会計監査の見直し議論が8日、始まった。金融庁は同日午前、企業会計審議会(金融庁長官の諮問機関)を開き、監査基準の改定や監査法人の交代制を今年度の議題とすることを公表した。会計監査の質を高め、企業とのなれ合いを排除して監査法人の独立性を高めることを目指す。相次ぐ会計不祥事をきっかけに始まった会計監査改革が実行段階を迎える。

 「監査人と企業が真摯に議論することが重要だ」(三井物産の岡田譲治常勤監査役)、「会計処理の不確実性は高まっている。今のままでいいか、となると課題はある」(日本格付研究所の水口啓子チーフアナリスト)。審議会に出席した委員は改革の必要性を訴えた。

 今年度の課題は大きく2つある。1つは監査基準の改定だ。

 監査法人は企業の経営成績や財務状況を記した決算書類が、適切な会計処理で正しく表示されているか調べる。結果をまとめるのが監査報告書だ。今の監査基準では細かい報告義務を定めていないため、「財政状態を適正に表示している」など簡単な内容にとどまる。金融庁は監査基準を改定し、将来起こり得る事象や規制変更の影響などを監査報告書で丁寧に記すように求める。
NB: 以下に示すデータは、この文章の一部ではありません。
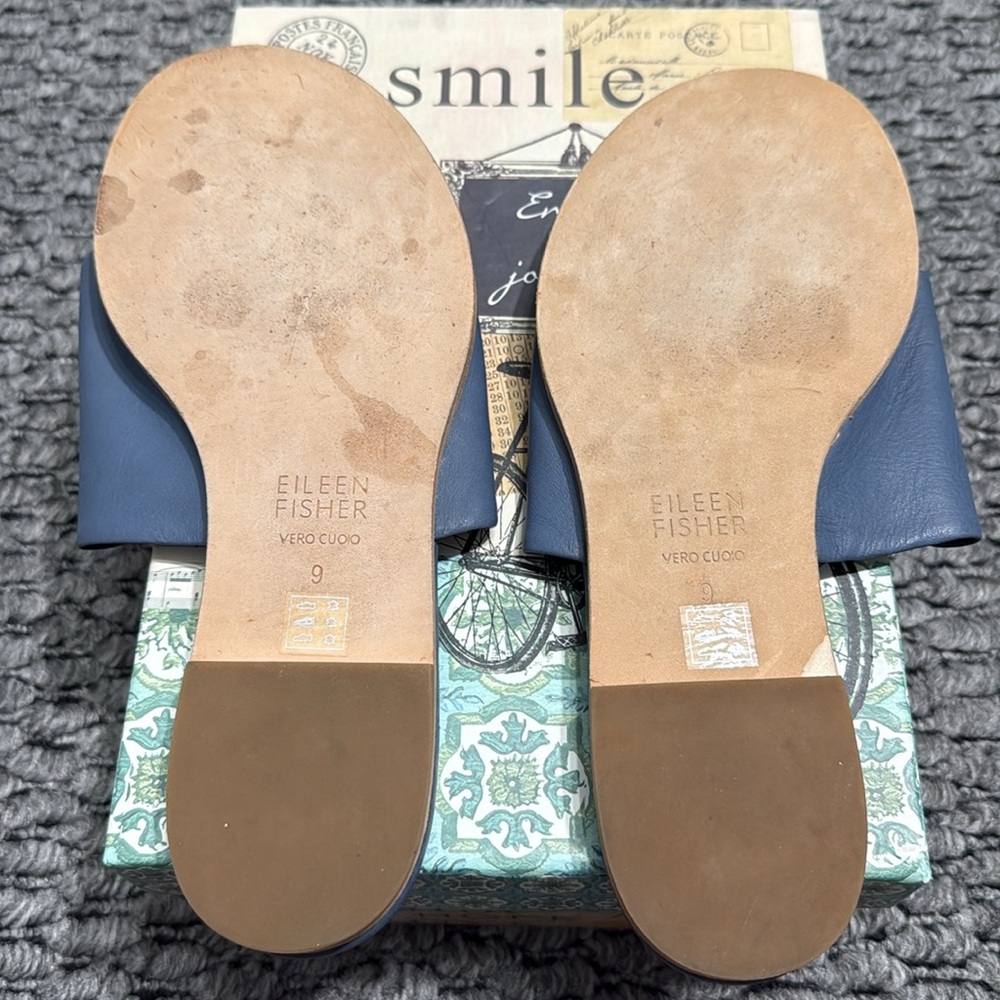 Eileen Fisher Edge Leather Slide Sandal Sz 9 Beach Resortwear Pool Vacation - Picture 7 of 8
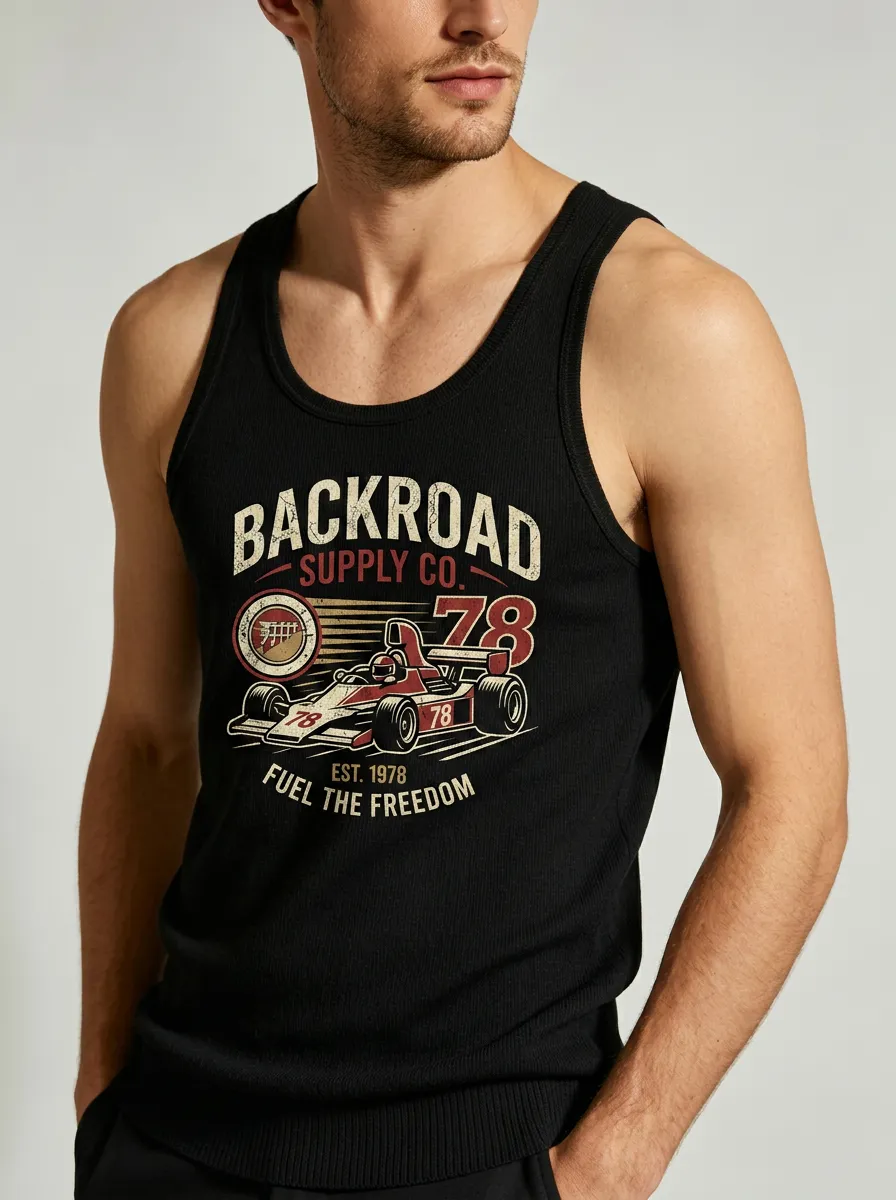 Men's Vintage Racing Car 78 Printed Tank Top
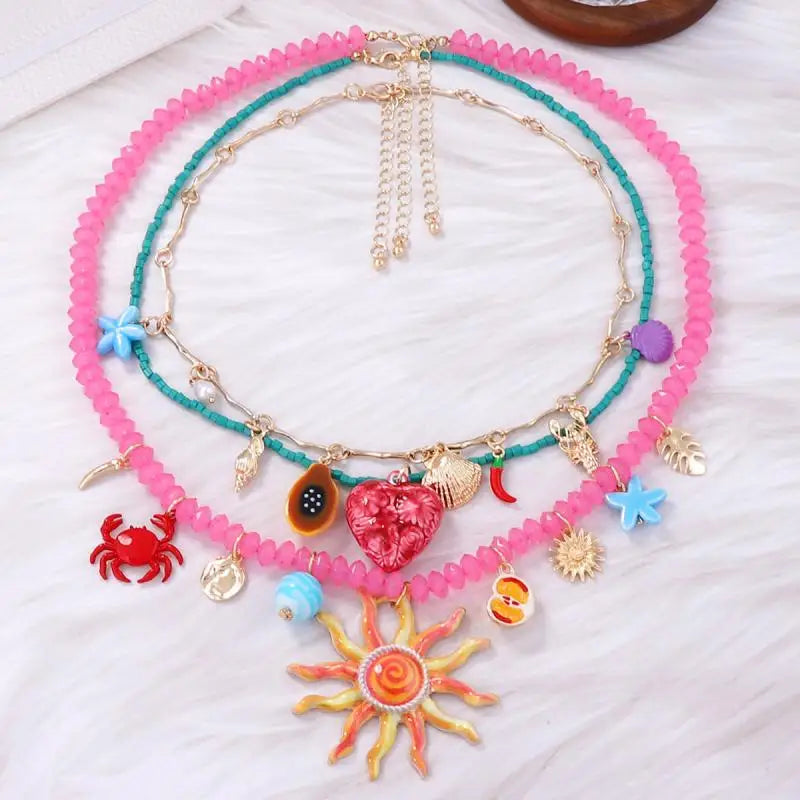 3Pcs/set New Colorful Resin Beaded Charms Necklaces For Women Summer Ocean Vacation Style Party Jewelry Neck Accessories
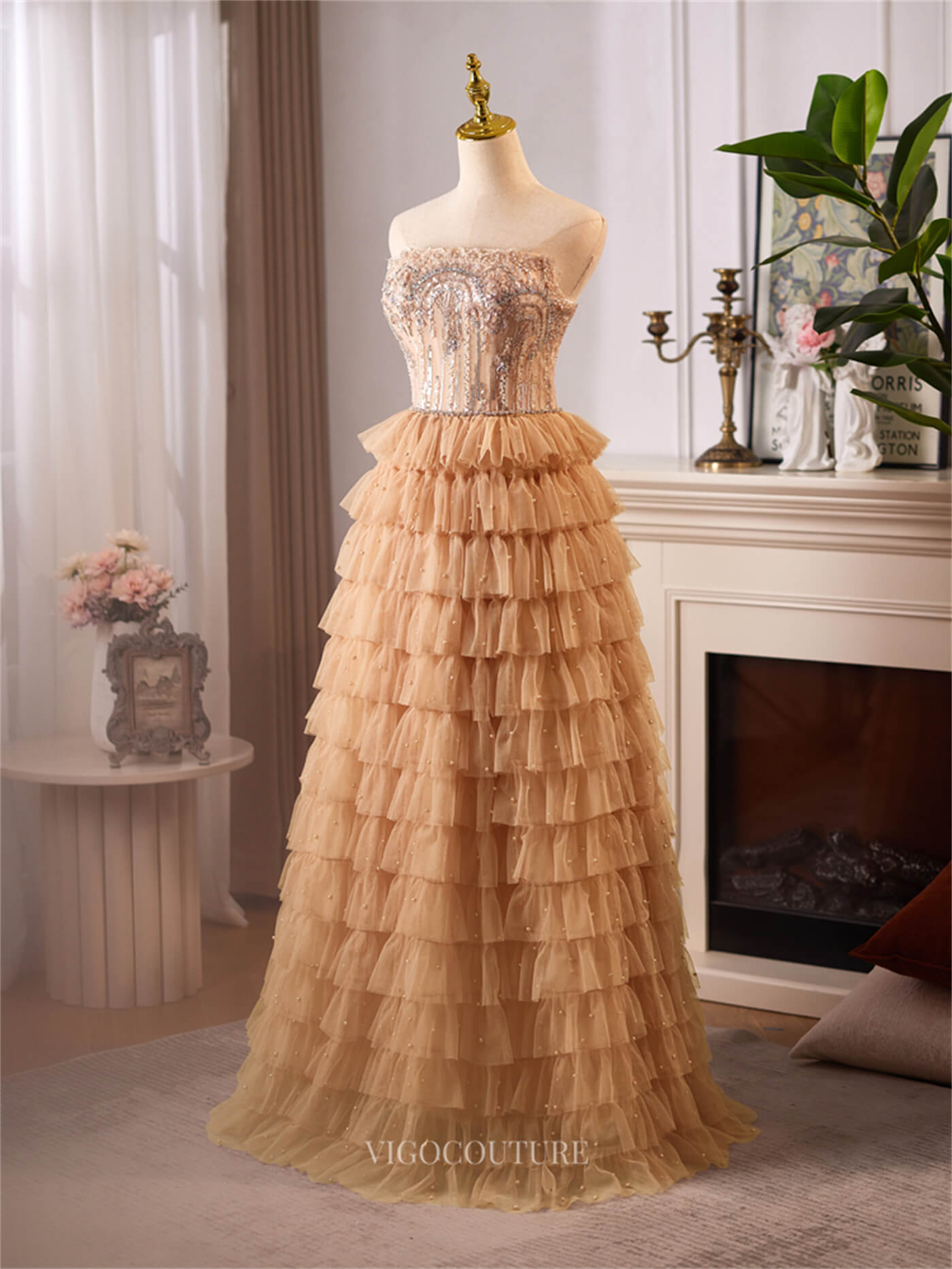 Prom Dress 2025 Champagne Ruffled Strapless Prom Dresses Beaded Lace Formal Dress 25082-unique elegant Prom Dresses-Champagne-Custom Size-vigocouture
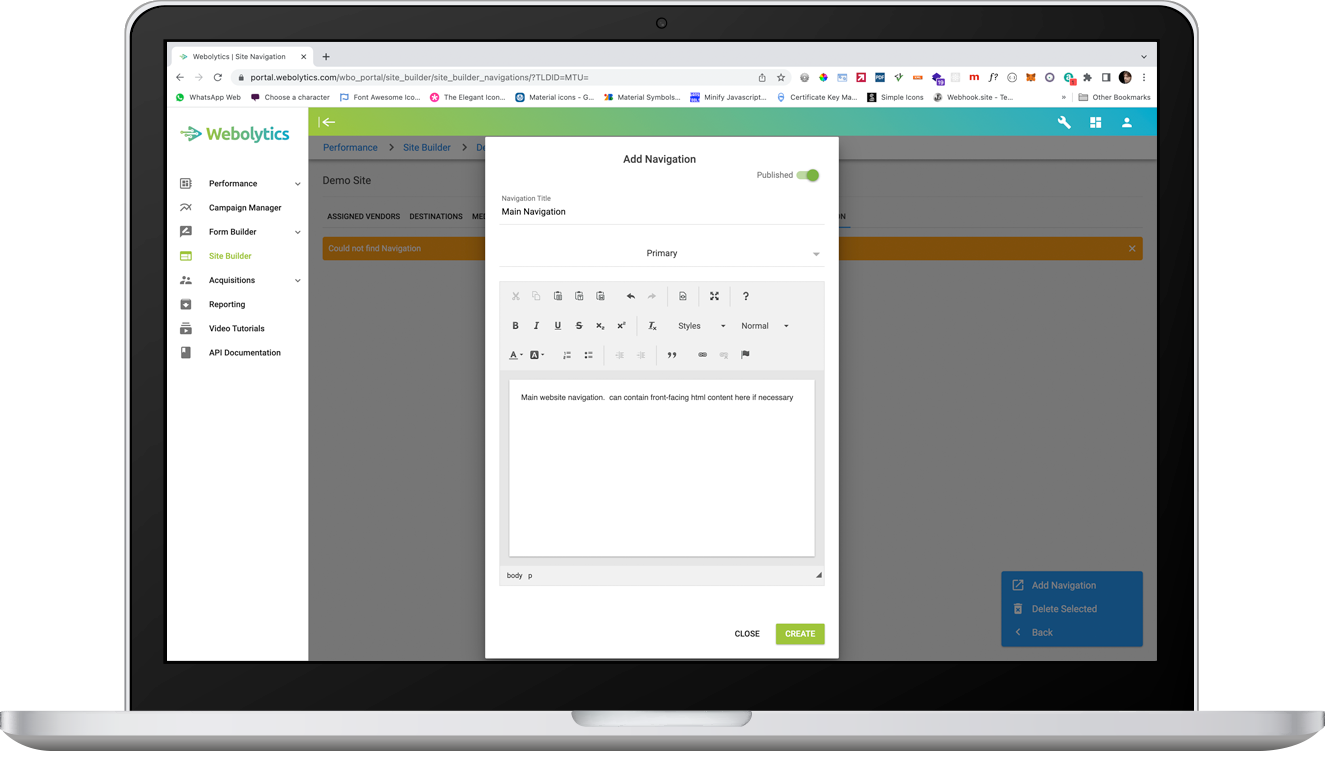 site navigation 2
 もう一つは「監査法人の交代制」だ。会計不祥事を起こした東芝は同じ監査法人が47年間、継続し監査していた。金融庁はなれ合いをなくす手段とみる。同じ監査法人内で一定期間ごとに会計士を代える制度はすでに義務付けているが、「不正会計の抑止効果を発揮できなかった」(金融庁)。産業界にはコストや継続性の観点から慎重意見も根強いが、審議会で交代制導入の必要性を訴える。